Modi took his oath alongside around 70 ministers, including some from parties belonging to his National Development Alliance coalition (NDA). The ministers’ new posts were not immediately announced; his office is expected to unveil ministerial appointments for the next government in the coming days, or as early as Sunday night. Analysts are waiting to see if Modi will relinquish key ministries to satisfy his coalition partners and whether his power will be curtailed heading into the new term.

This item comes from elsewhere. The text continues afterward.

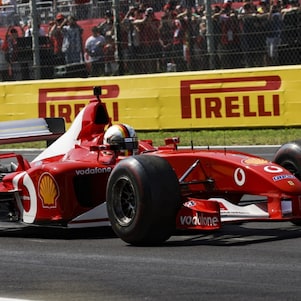 Ferrari F2002 car driving on the Monza circuit in front of trackside barriers and spectators.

Sunday’s ceremony, held at the grand presidential palace on a sweltering summer night in New Delhi, marked a rare accomplishment but also a humbling new reality for the 73-year-old leader of the Bharatiya Janata Party (BJP). Modi became only the second Indian prime minister, after Jawaharlal Nehru, India’s founding father, to be sworn in for three successive terms. But it also marked the beginning of one of the most uncertain periods of his career.

After winning an outright majority in Parliament in 2014 and 2019, Modi consolidated power, sidelined his rivals and built up a cult of personality, with his cabinet ministers regularly pledging fealty to Modi in public and his face adorning ubiquitous billboards and government welfare campaigns.

But election results this week showed that his BJP won only 240 of the 272 seats needed for a majority in the Lok Sabha lower house. For the first time, Modi needed help from his National Development Alliance coalition partners to form a new government. And as he began power-sharing negotiations behind closed doors last week, Modi already began to strike a more humble tone in public.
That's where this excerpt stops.